Recreate the entire listing that appears below, exactly.

- - - - -

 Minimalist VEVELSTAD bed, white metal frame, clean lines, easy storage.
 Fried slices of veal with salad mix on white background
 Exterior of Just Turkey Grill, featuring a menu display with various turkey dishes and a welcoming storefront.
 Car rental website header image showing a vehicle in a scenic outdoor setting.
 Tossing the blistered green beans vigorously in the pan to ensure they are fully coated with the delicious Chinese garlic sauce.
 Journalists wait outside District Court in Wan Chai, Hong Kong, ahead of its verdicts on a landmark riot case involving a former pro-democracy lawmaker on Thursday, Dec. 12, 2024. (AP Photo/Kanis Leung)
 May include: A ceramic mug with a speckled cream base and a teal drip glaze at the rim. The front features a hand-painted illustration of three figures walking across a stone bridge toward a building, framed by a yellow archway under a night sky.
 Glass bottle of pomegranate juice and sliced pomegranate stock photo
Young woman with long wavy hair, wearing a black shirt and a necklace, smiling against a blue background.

- - - - -

▸ RESPONSE TO THIS TASK:
 Minimalist VEVELSTAD bed, white metal frame, clean lines, easy storage.
 Fried slices of veal with salad mix on white background
 Exterior of Just Turkey Grill, featuring a menu display with various turkey dishes and a welcoming storefront.
 Car rental website header image showing a vehicle in a scenic outdoor setting.
 Tossing the blistered green beans vigorously in the pan to ensure they are fully coated with the delicious Chinese garlic sauce.
 Journalists wait outside District Court in Wan Chai, Hong Kong, ahead of its verdicts on a landmark riot case involving a former pro-democracy lawmaker on Thursday, Dec. 12, 2024. (AP Photo/Kanis Leung)
 May include: A ceramic mug with a speckled cream base and a teal drip glaze at the rim. The front features a hand-painted illustration of three figures walking across a stone bridge toward a building, framed by a yellow archway under a night sky.
 Glass bottle of pomegranate juice and sliced pomegranate stock photo
Young woman with long wavy hair, wearing a black shirt and a necklace, smiling against a blue background.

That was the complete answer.